- Born: 20 September 1925 Barnsley, Yorkshire, England
- Died: 7 May 1983 (aged 57) London, England
- Education: University of Cambridge
- Known for: Davey–Stewartson equation Complex Ginzburg–Landau equation Triple-deck theory Stewartson layer Stewartson–Illingworth transformation Roberts–Stewartson instability Hocking–Stewartson pulse
- Spouse: Jean Forrester
- Children: 3
- Scientific career
- Fields: Mathematics Fluid Dynamics
- Workplaces: Bristol University Caltech University of Durham University College, London
- Thesis: (1949)
- Doctoral advisor: Leslie Howarth

= Keith Stewartson =

British mathematician (1925–1983)

Keith Stewartson (20 September 1925 – 7 May 1983) was an English mathematician and fellow of the Royal Society.

==Early life==
The youngest of three children, Stewartson was born to an English baker in 1925. He was raised in Billingham, County Durham, where he attended Stockton Secondary School, and went to St Catharine's College, Cambridge in 1942. He won the Drury Prize in 1943 for his work in the Mathematical Tripos.

==Career==
After graduation, with the Second World War still on-going, Stewartson began employment with the Ministry of Aircraft Production. During his time there he studied compressible fluid flow problems. After the war he returned to Cambridge and received the Mayhew Prize in 1946. He resumed research under the guidance of Leslie Howarth on boundary layer theory. His research led to his first publication, "Correlated incompressible and compressible boundary layers", which was published by the Royal Society in 1949. He received his doctorate the same year and became a lecturer at Bristol University in 1950. In 1953 he went to the United States to become a lecturer at the California Institute of Technology for a year before returning to Bristol University. In 1958 he was awarded a chair at the University of Durham. After finding Durham University too conservative, he moved to University College, London in 1964. In his time there, he studied rotating fluid flows, shear layers, magnetohydrodynamics, triple-deck theory, and Reynolds number. He played major role in the founding of Institute of Mathematics and its Applications along with James Lighthill. In his career he authored 186 papers.

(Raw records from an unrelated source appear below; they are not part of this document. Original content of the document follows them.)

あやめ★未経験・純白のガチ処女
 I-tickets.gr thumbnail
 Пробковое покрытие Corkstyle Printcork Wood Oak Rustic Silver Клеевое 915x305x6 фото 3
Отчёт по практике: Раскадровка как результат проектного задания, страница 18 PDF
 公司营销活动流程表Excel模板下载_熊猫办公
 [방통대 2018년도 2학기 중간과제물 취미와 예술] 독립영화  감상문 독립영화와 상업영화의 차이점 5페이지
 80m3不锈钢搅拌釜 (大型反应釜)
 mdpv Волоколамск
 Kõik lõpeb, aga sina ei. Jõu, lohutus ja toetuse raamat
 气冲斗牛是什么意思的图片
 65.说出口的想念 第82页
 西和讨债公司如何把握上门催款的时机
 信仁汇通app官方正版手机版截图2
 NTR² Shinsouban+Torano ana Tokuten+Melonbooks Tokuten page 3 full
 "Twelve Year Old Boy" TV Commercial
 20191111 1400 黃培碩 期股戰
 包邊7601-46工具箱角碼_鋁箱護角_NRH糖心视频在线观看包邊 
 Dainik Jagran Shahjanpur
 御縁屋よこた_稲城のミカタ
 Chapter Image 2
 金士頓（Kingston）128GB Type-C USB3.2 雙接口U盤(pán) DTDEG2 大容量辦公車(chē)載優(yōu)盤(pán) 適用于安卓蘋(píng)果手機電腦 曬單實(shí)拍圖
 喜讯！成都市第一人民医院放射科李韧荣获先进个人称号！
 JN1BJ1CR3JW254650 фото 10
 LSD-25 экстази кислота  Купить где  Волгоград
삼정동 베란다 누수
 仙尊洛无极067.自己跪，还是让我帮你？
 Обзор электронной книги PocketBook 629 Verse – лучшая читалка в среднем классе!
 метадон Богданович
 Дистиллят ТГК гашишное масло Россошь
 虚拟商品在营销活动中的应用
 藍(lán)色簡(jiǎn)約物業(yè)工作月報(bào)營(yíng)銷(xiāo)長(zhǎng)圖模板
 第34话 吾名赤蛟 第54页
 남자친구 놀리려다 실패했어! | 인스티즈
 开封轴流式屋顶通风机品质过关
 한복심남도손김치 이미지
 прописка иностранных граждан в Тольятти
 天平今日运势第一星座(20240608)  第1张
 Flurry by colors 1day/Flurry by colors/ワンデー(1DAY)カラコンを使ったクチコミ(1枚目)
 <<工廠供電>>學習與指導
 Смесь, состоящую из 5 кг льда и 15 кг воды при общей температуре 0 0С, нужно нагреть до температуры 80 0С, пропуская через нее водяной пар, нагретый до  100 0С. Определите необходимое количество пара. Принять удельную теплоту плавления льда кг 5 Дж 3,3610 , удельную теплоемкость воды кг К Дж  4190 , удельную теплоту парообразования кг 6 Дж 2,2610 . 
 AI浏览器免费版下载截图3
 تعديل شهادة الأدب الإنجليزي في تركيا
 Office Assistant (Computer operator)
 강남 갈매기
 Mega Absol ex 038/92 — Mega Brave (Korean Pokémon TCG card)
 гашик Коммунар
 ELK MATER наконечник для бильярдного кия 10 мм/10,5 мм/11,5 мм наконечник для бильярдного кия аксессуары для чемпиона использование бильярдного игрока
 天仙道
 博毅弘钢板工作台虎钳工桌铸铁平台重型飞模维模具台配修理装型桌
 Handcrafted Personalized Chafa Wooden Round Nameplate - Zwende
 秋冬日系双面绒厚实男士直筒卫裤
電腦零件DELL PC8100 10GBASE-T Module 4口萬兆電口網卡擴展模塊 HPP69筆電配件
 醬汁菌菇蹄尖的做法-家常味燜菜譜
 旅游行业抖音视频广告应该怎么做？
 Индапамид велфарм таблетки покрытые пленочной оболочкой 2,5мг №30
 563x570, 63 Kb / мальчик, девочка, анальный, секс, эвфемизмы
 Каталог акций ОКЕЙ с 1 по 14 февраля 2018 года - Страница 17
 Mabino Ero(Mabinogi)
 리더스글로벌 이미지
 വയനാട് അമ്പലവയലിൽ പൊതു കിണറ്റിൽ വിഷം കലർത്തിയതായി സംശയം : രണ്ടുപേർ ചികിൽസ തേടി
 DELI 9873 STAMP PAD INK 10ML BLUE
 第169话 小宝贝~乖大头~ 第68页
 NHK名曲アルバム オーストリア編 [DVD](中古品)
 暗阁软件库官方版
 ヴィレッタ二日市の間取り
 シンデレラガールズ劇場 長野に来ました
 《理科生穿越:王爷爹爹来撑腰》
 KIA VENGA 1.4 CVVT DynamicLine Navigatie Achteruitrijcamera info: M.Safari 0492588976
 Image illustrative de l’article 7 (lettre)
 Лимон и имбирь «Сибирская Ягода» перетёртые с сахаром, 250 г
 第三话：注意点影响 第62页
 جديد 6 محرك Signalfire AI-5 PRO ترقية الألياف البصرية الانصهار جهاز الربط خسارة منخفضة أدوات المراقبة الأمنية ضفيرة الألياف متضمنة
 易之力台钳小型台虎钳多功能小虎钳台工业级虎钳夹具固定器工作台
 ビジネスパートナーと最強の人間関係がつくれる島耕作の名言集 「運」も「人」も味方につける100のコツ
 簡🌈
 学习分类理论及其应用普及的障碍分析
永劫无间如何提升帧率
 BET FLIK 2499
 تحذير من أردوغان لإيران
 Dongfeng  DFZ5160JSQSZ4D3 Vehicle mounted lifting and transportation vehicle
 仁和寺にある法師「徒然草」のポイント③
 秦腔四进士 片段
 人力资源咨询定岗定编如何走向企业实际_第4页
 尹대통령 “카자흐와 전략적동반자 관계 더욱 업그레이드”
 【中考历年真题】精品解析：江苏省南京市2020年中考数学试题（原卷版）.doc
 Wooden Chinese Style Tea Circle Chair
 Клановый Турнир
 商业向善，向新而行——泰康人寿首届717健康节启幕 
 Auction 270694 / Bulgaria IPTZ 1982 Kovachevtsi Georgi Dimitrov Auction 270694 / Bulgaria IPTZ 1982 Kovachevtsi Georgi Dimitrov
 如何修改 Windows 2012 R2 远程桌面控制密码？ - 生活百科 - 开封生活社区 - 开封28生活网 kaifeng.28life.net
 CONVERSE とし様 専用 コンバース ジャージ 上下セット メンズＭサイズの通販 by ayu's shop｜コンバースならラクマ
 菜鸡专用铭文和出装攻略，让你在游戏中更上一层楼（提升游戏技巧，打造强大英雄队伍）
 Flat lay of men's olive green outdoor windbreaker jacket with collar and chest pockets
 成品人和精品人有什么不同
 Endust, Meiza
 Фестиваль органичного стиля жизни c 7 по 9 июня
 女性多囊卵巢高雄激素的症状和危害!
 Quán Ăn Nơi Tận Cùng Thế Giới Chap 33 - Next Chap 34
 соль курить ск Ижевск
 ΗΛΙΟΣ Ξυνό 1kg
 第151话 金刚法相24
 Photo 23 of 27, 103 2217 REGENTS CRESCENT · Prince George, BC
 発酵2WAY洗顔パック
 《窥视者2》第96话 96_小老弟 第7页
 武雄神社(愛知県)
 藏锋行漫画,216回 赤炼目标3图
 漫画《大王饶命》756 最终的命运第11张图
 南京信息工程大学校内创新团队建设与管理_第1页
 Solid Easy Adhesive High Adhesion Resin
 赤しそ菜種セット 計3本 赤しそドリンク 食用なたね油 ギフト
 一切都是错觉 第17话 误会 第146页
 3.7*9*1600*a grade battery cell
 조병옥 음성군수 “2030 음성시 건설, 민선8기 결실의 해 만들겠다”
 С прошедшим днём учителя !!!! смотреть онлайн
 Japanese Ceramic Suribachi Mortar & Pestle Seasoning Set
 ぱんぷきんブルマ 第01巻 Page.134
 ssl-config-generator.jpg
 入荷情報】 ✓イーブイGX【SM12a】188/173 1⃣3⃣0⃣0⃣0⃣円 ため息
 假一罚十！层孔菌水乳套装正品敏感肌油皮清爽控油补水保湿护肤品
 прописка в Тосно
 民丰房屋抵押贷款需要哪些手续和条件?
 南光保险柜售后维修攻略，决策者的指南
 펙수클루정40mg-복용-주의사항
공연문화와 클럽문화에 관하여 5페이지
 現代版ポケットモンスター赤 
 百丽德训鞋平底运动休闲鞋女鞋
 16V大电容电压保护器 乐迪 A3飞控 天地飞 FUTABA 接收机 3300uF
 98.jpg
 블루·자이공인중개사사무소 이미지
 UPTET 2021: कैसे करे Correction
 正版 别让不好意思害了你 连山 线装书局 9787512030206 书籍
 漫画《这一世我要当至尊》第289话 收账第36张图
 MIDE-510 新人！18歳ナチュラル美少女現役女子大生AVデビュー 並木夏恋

Natural convection boundary-layers along horizontal plate also known as the indirect convection was first explained by Stewartson in 1958.

===Books===
- Keith Stewartson (1964). "The theory of laminar boundary layers in compressible fluids"

==Personal life==
Stewartson was known as a passionate rower and enjoyed theatre and opera. In 1950, he married Jean Forrester; they had three children. In 1965, he became a member of the Royal Society. In 1974, he suffered a heart attack which he recovered from, before suffering a subsequent one in 1983 which hospitalized him. Two weeks later he had a third heart attack which proved fatal.